‘Dukot’ Squanders its Complexity

The film builds so much moral ambiguity, and there’s so much left to dissect as the film raises the volume on the music and jumps to its conclusion.

Dukot opens on grainy surveillance footage. A woman is withdrawing money from an ATM when a car pulls up behind her. A man robs her, and then shoots her as he leaves. This scene is mentioned in a radio report in the next sequence, then is never mentioned again. It is a well put together scene, and it establishes the possibility of violence in this picture. But in the end, it feels like an extraneous detail in a film that's full of them. This is a movie that sets up all manner of complexity on the way to depicting the true story of a young man's kidnapping, but it offers no real payoff to all that complexity.

The film starts properly at the birthday party of Customs official Charlie Sandoval (Ricky Davao). He has two young adult children with his wife Cecille (Bing Pimentel), the overachiever Cathy (Shaina Magdayao) and the struggling Carlo (Enrique Gil). Cathy runs a yoga studio, which becomes the target of a gang of criminals. They rob the place, and when one of the criminals tries to take Cathy with him, Carlo offers himself up in her stead. He is taken to their hideout, and is held there while his family tries to make a deal for his freedom.

Along the way, we learn that Charlie is caught up in some shady dealings over at the Bureau of Customs. And as we spend time with Carlo in the criminal lair, the film takes pains to depict the banality of these criminals' lives. A couple of them have children. At one point there is a birthday party. The film is vaguely jabbing at something resembling a theme here, at one point explicitly sketching out the similarities between the two households. And this is certainly an interesting point to make, but the way the film resolves doesn't do justice to those ideas.

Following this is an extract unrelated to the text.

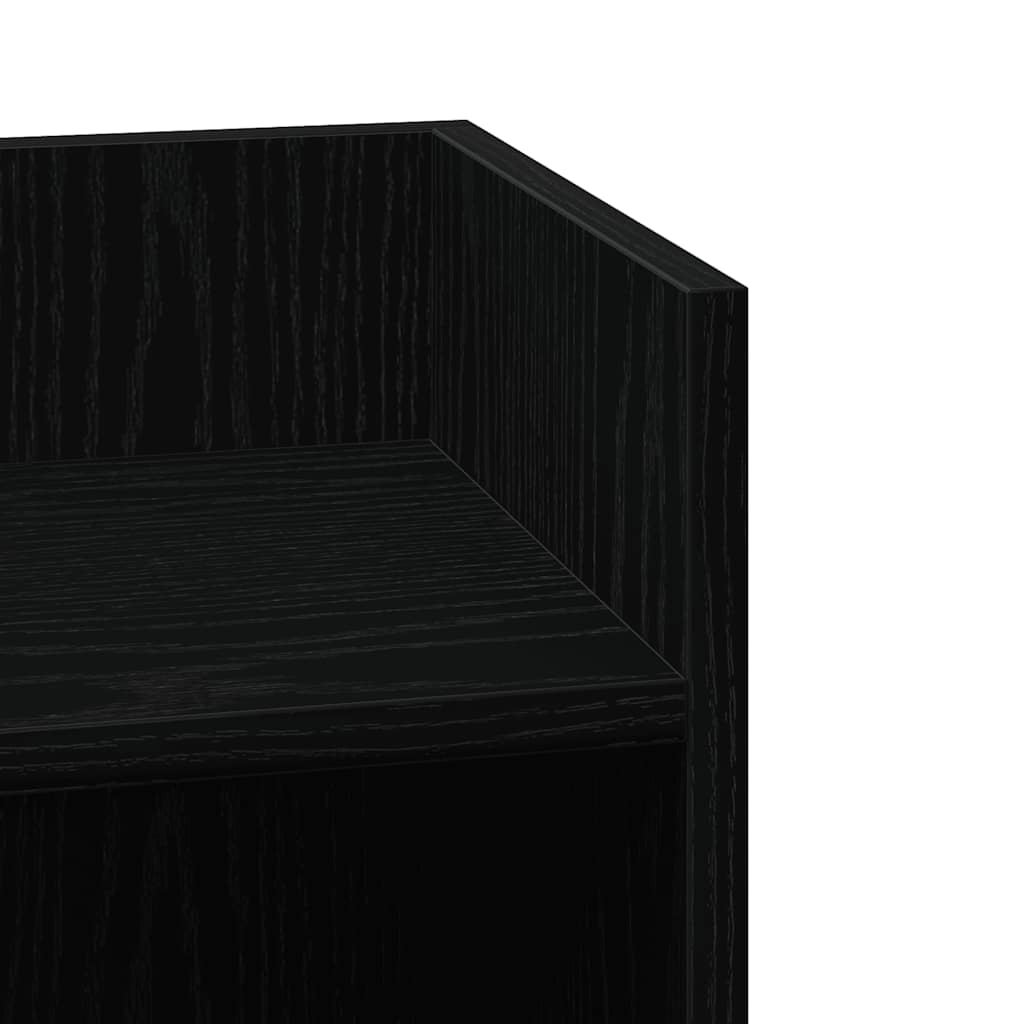 Bijzettafels 2 st met plank 25,5x27x60 cm zwart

It doesn't matter in the end that Charlie is corrupt. It doesn't matter in the end that the criminals have a family, and may have their reasons for doing what they do. After all the shades of gray the film painstakingly establishes, it rushes into a conclusion that feels dreadfully simple. It ends up feeling the film just included all those extra details for padding, the conclusion leaving plenty of emotional and thematic threads lying wasted on the ground. It settles for something that feels like an ending, evoking the standard imagery that comes with a story of kidnapping.

To be completely fair to the movie, it's a sharp piece of filmmaking. This is the most restrained film of director Paul Soriano by far. He keeps the tone fairly consistent as the movie ratchets up the tension. He also gets good performances out of his actors. Enrique Gil, with a mostly silent performance, gets to show more nuance than he's ever shown before. Christopher de Leon eschews loudness just this once, and offers up a reminder of the caliber of actor that he used to be. Ricky Davao does a lot with his character's complex morality, even if it doesn't quite pay off.


All in all, Dukot is a pretty engaging film. From scene to scene, it manages to maintain a certain tone and build up the tension. But it’s all in service of a narrative that doesn’t have any thematic follow-through. The film builds so much moral ambiguity, and there’s so much left to dissect as the film raises the volume on the music and jumps to its conclusion. This is a sharp piece of filmmaking, but what it ends up saying through its abandonment of its complexity is questionable at best.